Is the pain of this day redeemable?

The truth is, the role of “mother” is important and worth honoring. The mothers who bore us, raised us, and sacrificed for us should be acknowledged, thanked, and loved. But it is all too easy for us as women to slip into a blinding self-focus on Mother’s Day. For those in the trenches of mothering, the desire to be acknowledged (or just to be given a break, for goodness sake!) can grow too big, leading to anger and frustration when expectations are not met. For those longing for marriage and family, struggling with infertility, grieving the loss of a child or mother, or praying for the return of a wayward child, the hurt may feel insurmountable. Sometimes, this leads to feelings of self-pity or despair.

Is the pain of this day redeemable? For women who are in Christ the Redeemer, we answer with a resounding “Yes!” Here are three truths to help us lift our gaze and live with gospel-shaped hope on Mother’s Day.

Joy and Pain are Realities for All.

On Mother’s Day especially, it’s easy for women to feel alone in their pain and struggles. All of us can easily fall prey to the lie that no one is hurting as deeply as we are, and this makes our own pain feel magnified. But, in a fallen world, pain is a reality that goes hand-in-hand with joy. Every woman, regardless of her circumstances, experiences some mixture of the two, and it isn’t necessary or wise to try to compare levels.

The woman longing to conceive a child sees pictures on social media of smiling mothers with their arms full of (what appear to be) smiling, well-behaved children, and she believes that woman’s life is all joy. But pictures never tell the whole story. The exhausted mother of four, struggling through what feels like monotonous work in the home, sees the childless woman with (what appears to be) a fulfilling career, and she covets the freedom and professional success that woman has. But she too isn’t privy to the the whole story.

Pain is real for all, but for those in Christ, we know it isn’t the end of our story. “Weeping may tarry for the night but joy comes with the morning” (Psalm 30:5). The gospel gives us hope on Mother’s Day by reminding us that. . .

Motherhood is Bigger Than Us.

Whether a woman has biological children or not, she must remember that God’s purposes for motherhood are bigger than her. While children certainly bring joy (and pain), they are blessings to steward for a purpose greater than a mother’s personal happiness. God created mothers and motherhood so that his image and glory might be multiplied across the face of the earth (Genesis 1:28). And when his image was marred by sin, God allowed motherhood to continue so that he might send a Redeemer, both human and divine, to bring salvation to the world: “But when the fullness of time had come, God sent forth his Son, born of woman, born under the law, to redeem those who were under the law, so that we might receive adoption as sons” (Galatians 4:4-5).
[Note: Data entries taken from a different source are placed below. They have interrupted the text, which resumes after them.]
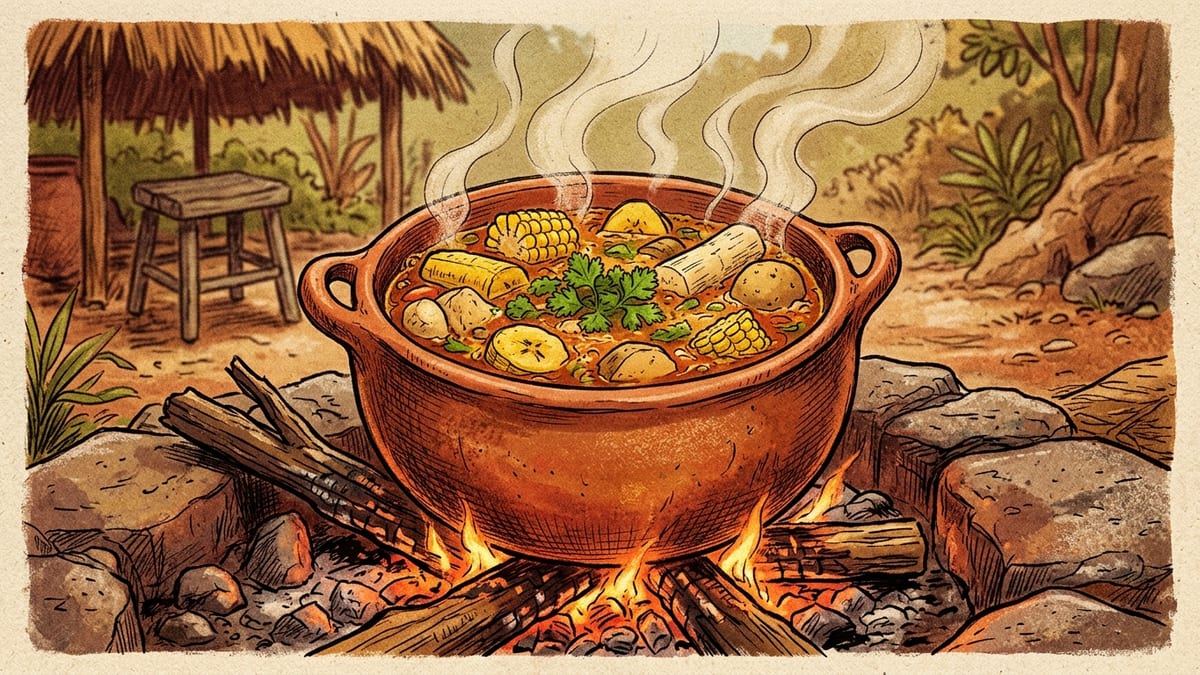 Ilustración de un sancocho colombiano en olla de barro sobre fogón de leña
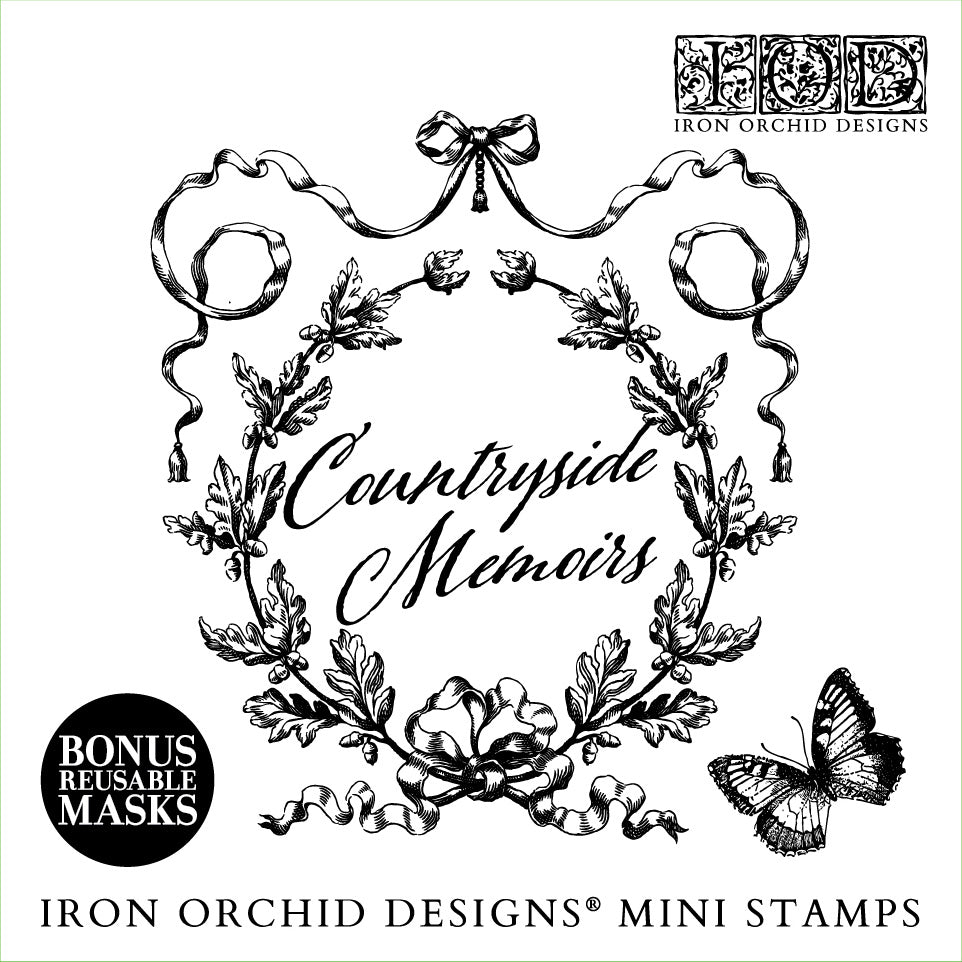 A graphic image showing a floral and filigree design with the text 'Countryside Memoirs' and the Iron Orchid Designs logo, indicating a mini stamp set product.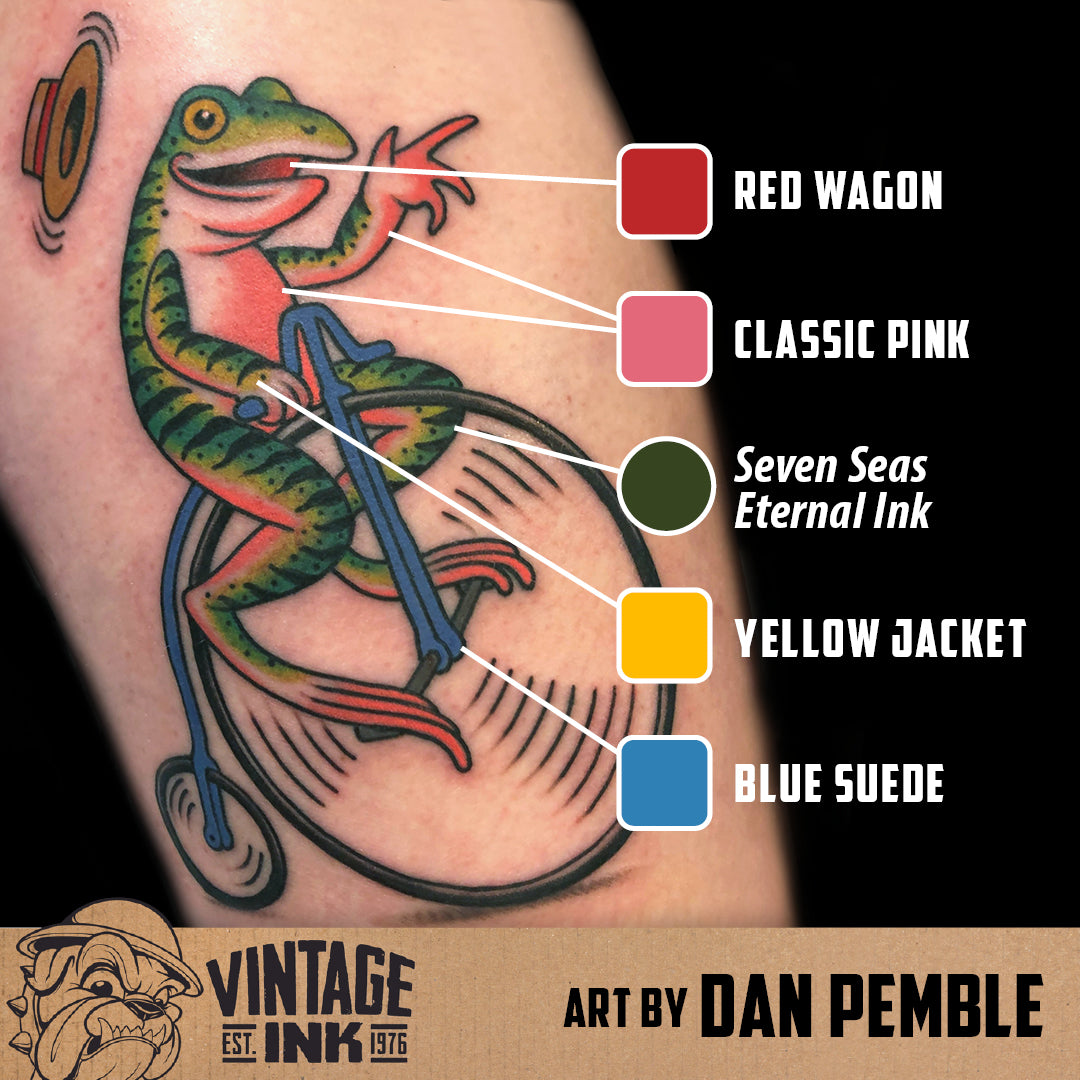 Tattoo of a frog on a person's arm with color swatches and names, art by Dan Pemble.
“Mother” is a role, not an identity. As Christian women, we are made in the image of God and created anew in Christ Jesus for the purpose of good works. Christ is our defining identity (Ephesians 2:10). For some, the good works prepared for us by God include raising up physical children in our homes. For all of us, these good works include raising up spiritual children (disciples) within the local church. When we remember that motherhood is bigger than us, we can rejoice on Mother’s Day in spite of our circumstances. We can shift our gaze upward, giving thanks to God for using a mother to bring the Savior of mankind into this world.

Christ Redeems All Things.

Around this time last year, I drove past a church sign that said, “Join us Sunday as we celebrate mothers!” I cringed inwardly as I imagined  this might cause hurting women to shy away. While the Church may honor mothers, we celebrate so much more!  We celebrate a risen Christ, who is redeeming every ounce of pain his children experience both for his glory and our good. We celebrate a Savior who is making all things new. No woman should avoid this celebration on Mother’s Day Sunday. 

One way Christ has already redeemed the pain of motherhood is by expanding its definition and purpose. In her book (A)Typical Woman, Abigail Dodds says, “You may have been denied biological children, but there is no childlessness in the new covenant. You have been given children beyond counting in Christ to love, nurture, and disciple, as Paul and Jesus did.” In Christ, motherhood goes far beyond bearing and raising biological children.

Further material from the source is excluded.